_What you have to do_. From the first line to the last, please write out the data exactly.

--------------------------------

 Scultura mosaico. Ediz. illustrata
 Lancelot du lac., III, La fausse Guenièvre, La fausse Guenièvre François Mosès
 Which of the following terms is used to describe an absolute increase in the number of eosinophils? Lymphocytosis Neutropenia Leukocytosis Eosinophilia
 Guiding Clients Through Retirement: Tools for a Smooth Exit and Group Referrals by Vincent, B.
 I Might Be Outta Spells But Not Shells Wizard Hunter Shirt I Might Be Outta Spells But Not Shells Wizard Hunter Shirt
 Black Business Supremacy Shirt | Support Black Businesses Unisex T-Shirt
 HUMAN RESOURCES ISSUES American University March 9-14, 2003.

--------------------------------

_Problem solution_.
 Scultura mosaico. Ediz. illustrata
 Lancelot du lac., III, La fausse Guenièvre, La fausse Guenièvre François Mosès
 Which of the following terms is used to describe an absolute increase in the number of eosinophils? Lymphocytosis Neutropenia Leukocytosis Eosinophilia
 Guiding Clients Through Retirement: Tools for a Smooth Exit and Group Referrals by Vincent, B.
 I Might Be Outta Spells But Not Shells Wizard Hunter Shirt I Might Be Outta Spells But Not Shells Wizard Hunter Shirt
 Black Business Supremacy Shirt | Support Black Businesses Unisex T-Shirt
 HUMAN RESOURCES ISSUES American University March 9-14, 2003.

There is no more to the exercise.